Dataset excerpts:
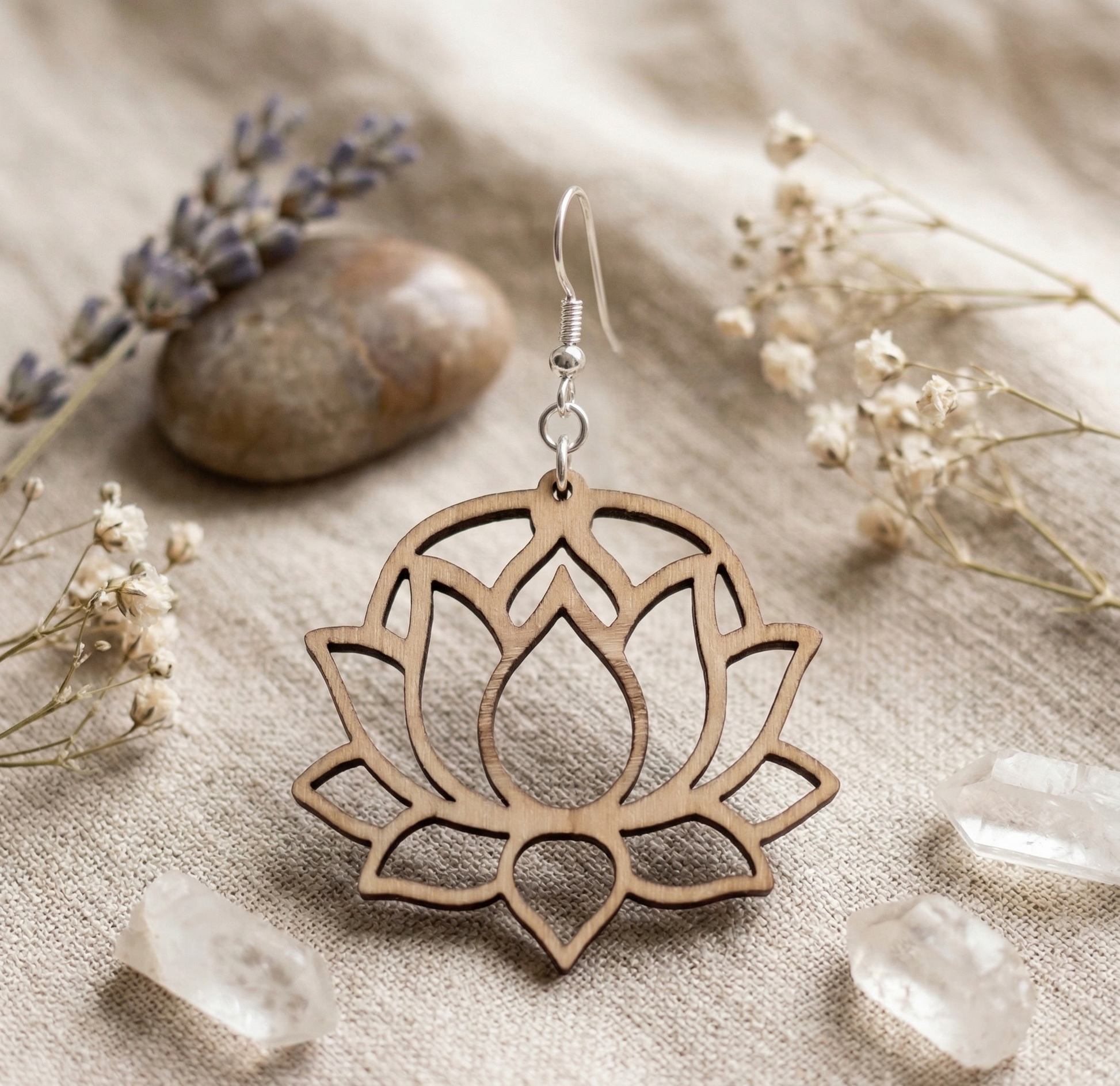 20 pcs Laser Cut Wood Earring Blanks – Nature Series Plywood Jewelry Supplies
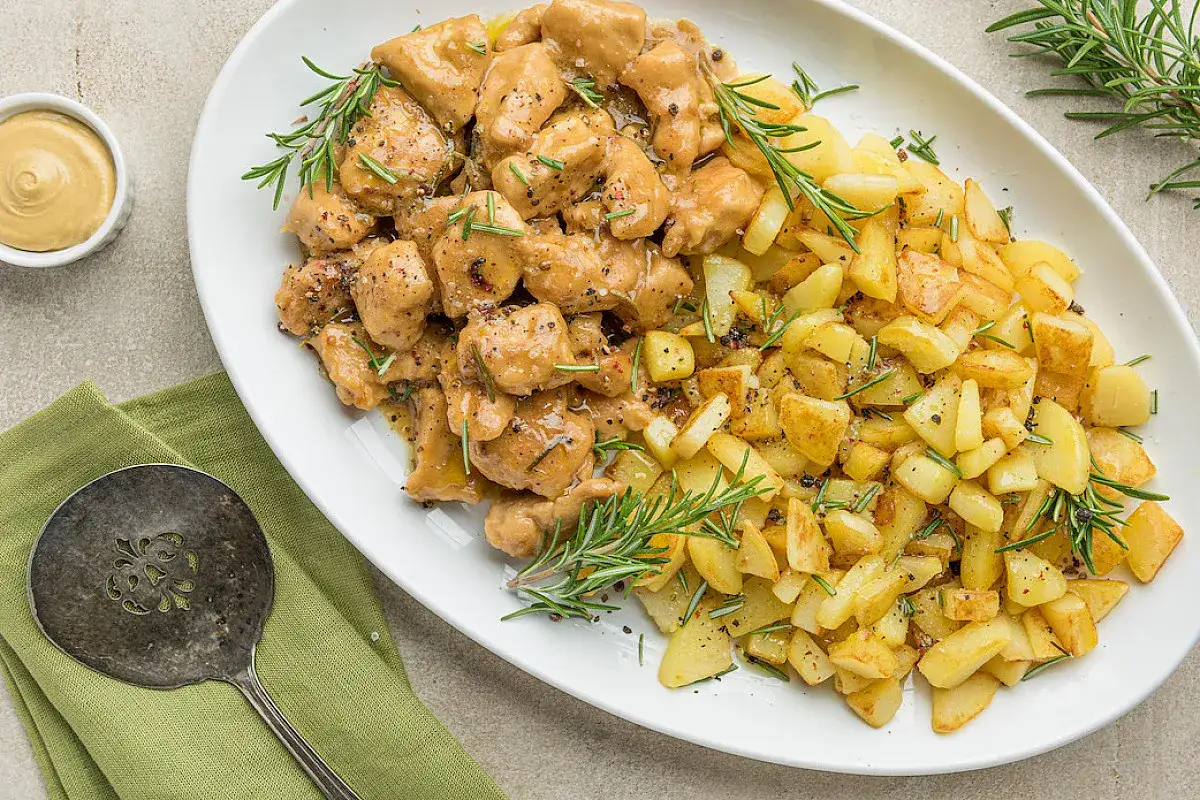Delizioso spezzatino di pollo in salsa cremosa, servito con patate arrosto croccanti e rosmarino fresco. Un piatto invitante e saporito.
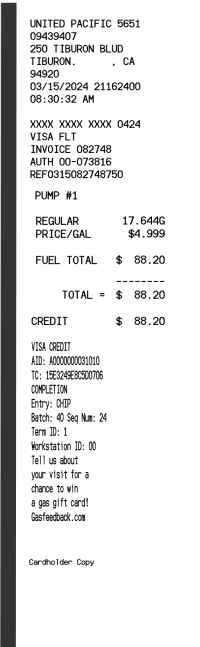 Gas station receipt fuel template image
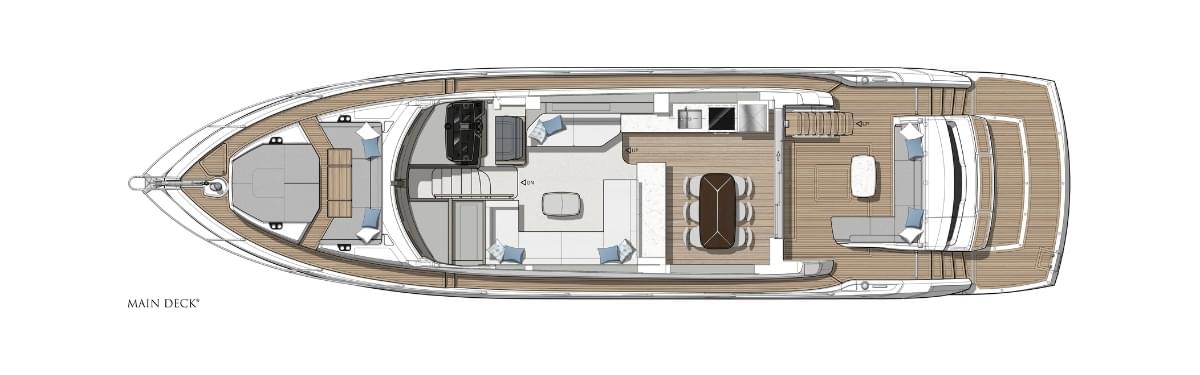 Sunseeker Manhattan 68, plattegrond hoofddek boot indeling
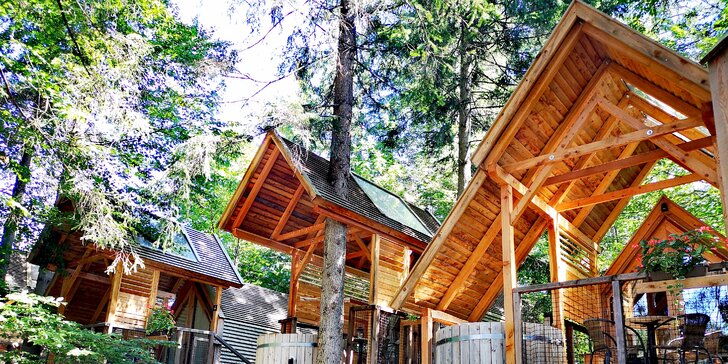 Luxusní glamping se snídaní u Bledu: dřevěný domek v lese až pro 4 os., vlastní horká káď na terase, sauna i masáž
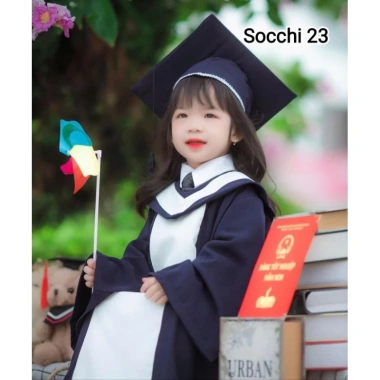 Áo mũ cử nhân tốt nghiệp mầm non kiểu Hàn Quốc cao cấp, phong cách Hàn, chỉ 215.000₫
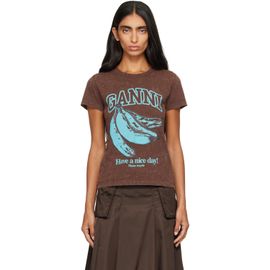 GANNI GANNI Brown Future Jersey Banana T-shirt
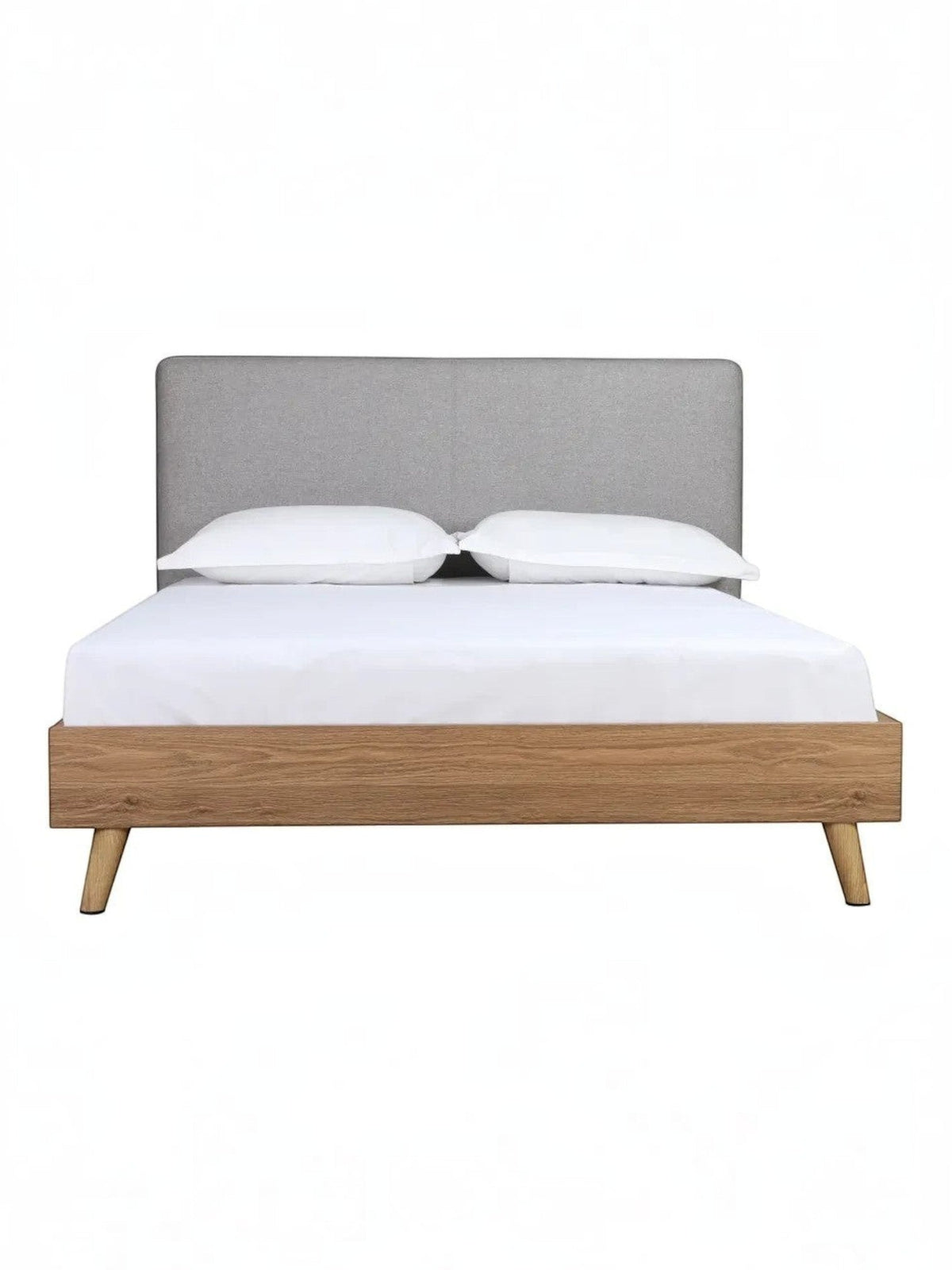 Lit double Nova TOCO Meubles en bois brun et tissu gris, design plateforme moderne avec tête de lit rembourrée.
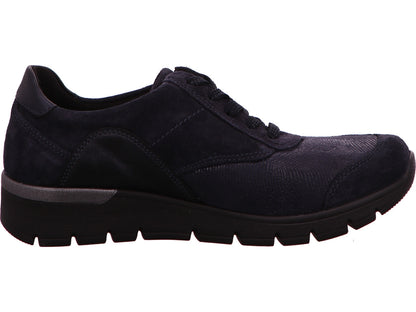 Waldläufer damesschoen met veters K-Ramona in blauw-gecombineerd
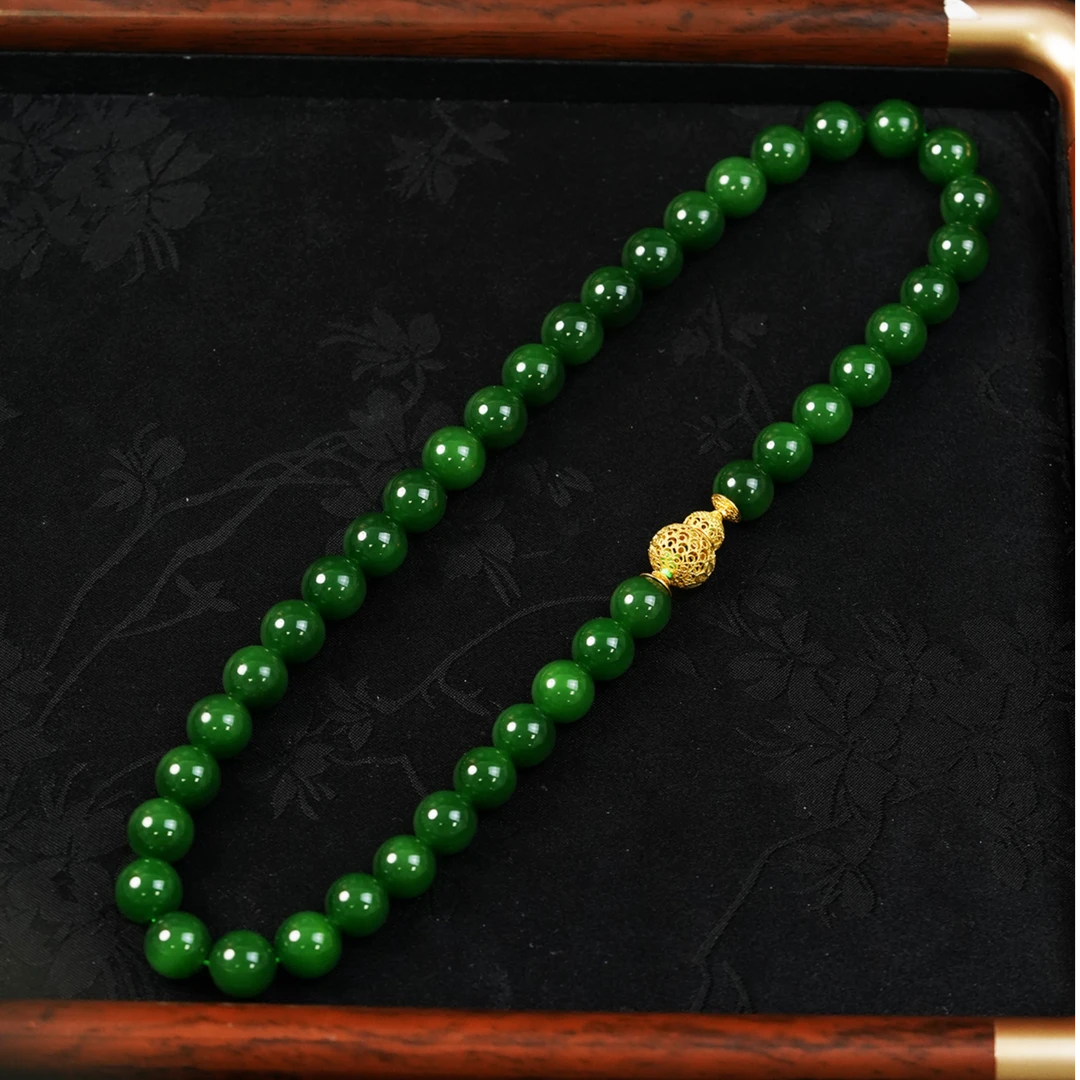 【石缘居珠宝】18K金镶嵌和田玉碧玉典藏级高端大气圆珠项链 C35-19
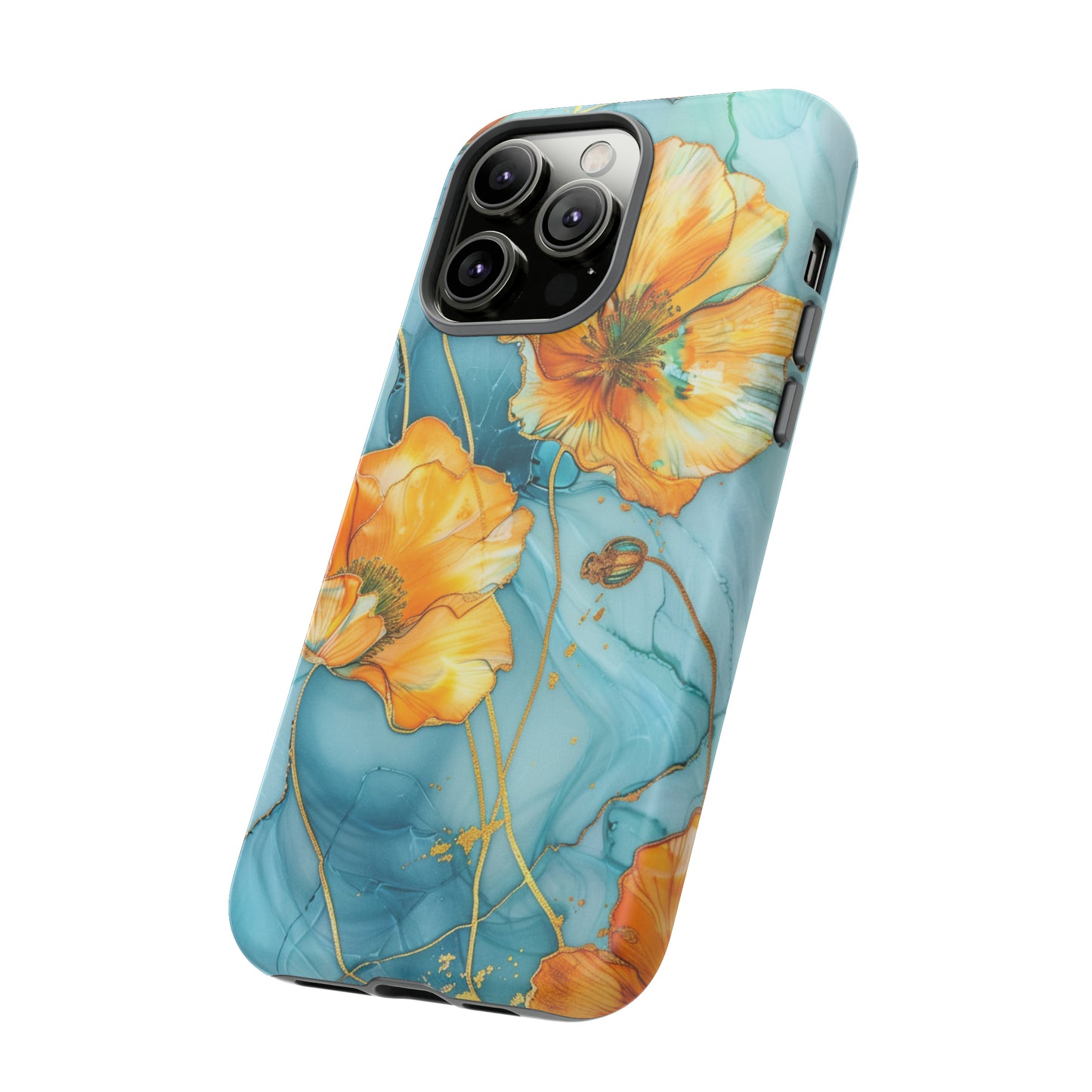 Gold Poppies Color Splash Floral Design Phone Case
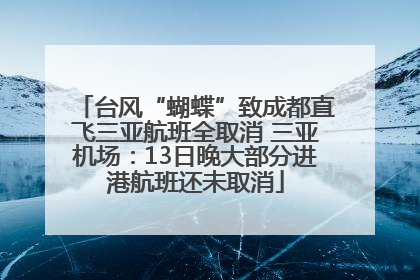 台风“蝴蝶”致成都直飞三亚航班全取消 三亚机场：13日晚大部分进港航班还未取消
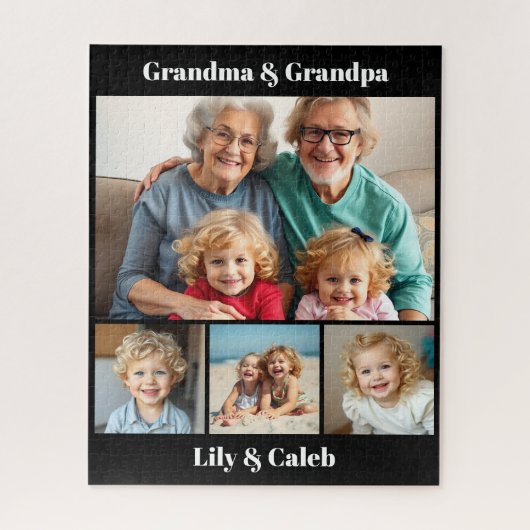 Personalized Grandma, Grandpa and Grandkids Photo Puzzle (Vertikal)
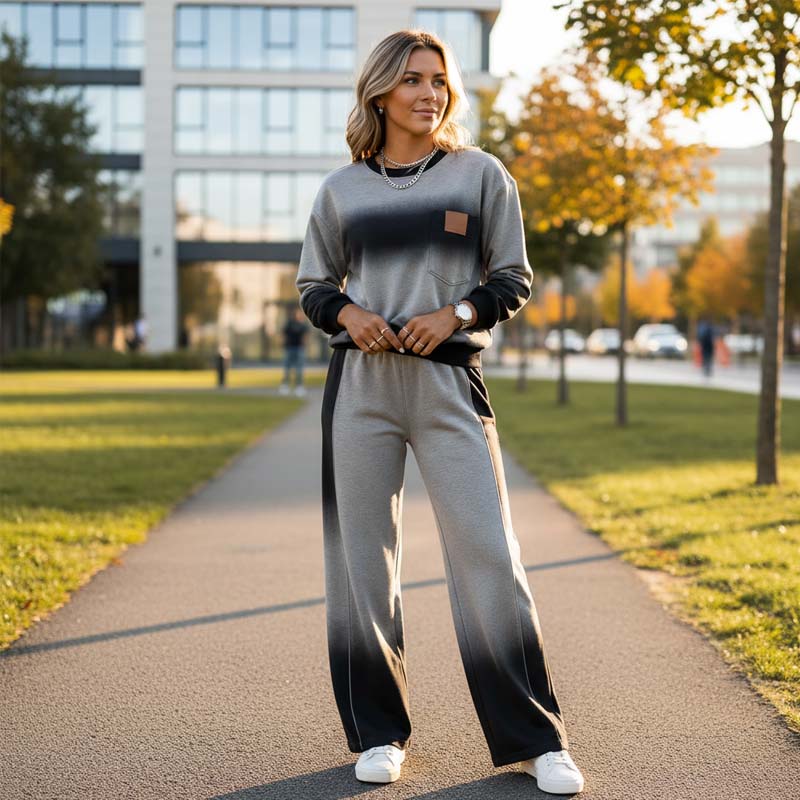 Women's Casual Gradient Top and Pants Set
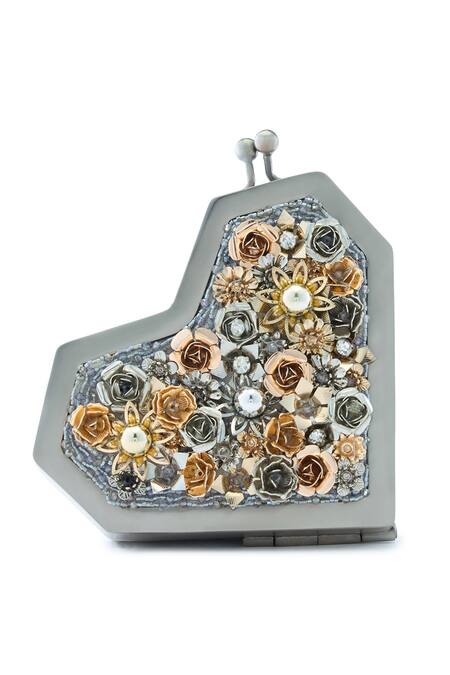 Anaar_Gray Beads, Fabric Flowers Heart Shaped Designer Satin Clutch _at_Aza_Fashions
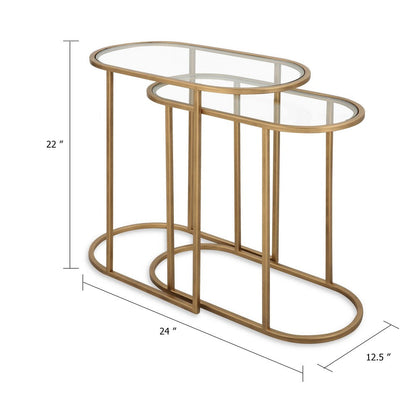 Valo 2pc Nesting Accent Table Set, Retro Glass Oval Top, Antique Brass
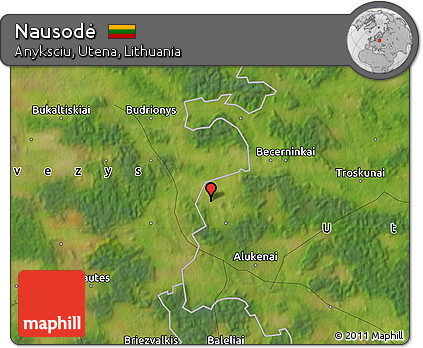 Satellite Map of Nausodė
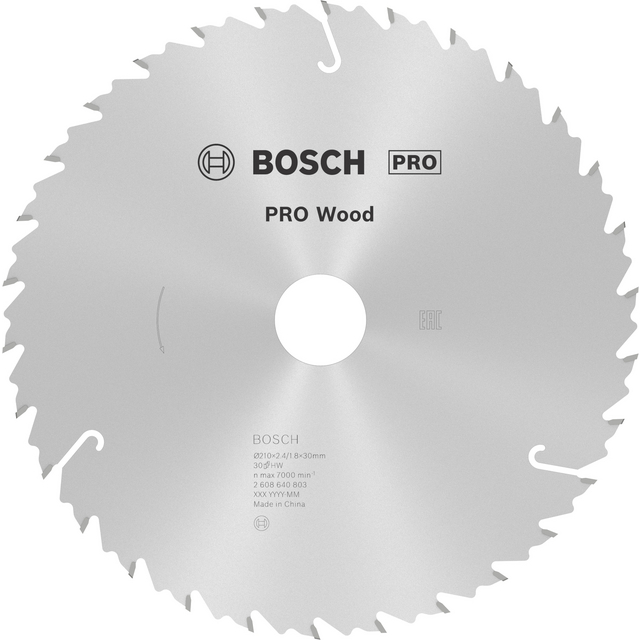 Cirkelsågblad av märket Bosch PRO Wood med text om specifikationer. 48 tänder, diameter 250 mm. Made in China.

## WHAT THE TASK ASKS
Above are the records; reproduce them exactly and leave out the pictures.

## EXERCISE RESPONSE
 20 pcs Laser Cut Wood Earring Blanks – Nature Series Plywood Jewelry Supplies
Delizioso spezzatino di pollo in salsa cremosa, servito con patate arrosto croccanti e rosmarino fresco. Un piatto invitante e saporito.
 Gas station receipt fuel template image
 Sunseeker Manhattan 68, plattegrond hoofddek boot indeling
 Luxusní glamping se snídaní u Bledu: dřevěný domek v lese až pro 4 os., vlastní horká káď na terase, sauna i masáž
 Áo mũ cử nhân tốt nghiệp mầm non kiểu Hàn Quốc cao cấp, phong cách Hàn, chỉ 215.000₫
 GANNI GANNI Brown Future Jersey Banana T-shirt
 Lit double Nova TOCO Meubles en bois brun et tissu gris, design plateforme moderne avec tête de lit rembourrée.
 Waldläufer damesschoen met veters K-Ramona in blauw-gecombineerd
 【石缘居珠宝】18K金镶嵌和田玉碧玉典藏级高端大气圆珠项链 C35-19
 Gold Poppies Color Splash Floral Design Phone Case
 台风“蝴蝶”致成都直飞三亚航班全取消 三亚机场：13日晚大部分进港航班还未取消
 Personalized Grandma, Grandpa and Grandkids Photo Puzzle (Vertikal)
 Women's Casual Gradient Top and Pants Set
 Anaar_Gray Beads, Fabric Flowers Heart Shaped Designer Satin Clutch _at_Aza_Fashions
 Valo 2pc Nesting Accent Table Set, Retro Glass Oval Top, Antique Brass
 Satellite Map of Nausodė
 Cirkelsågblad av märket Bosch PRO Wood med text om specifikationer. 48 tänder, diameter 250 mm. Made in China.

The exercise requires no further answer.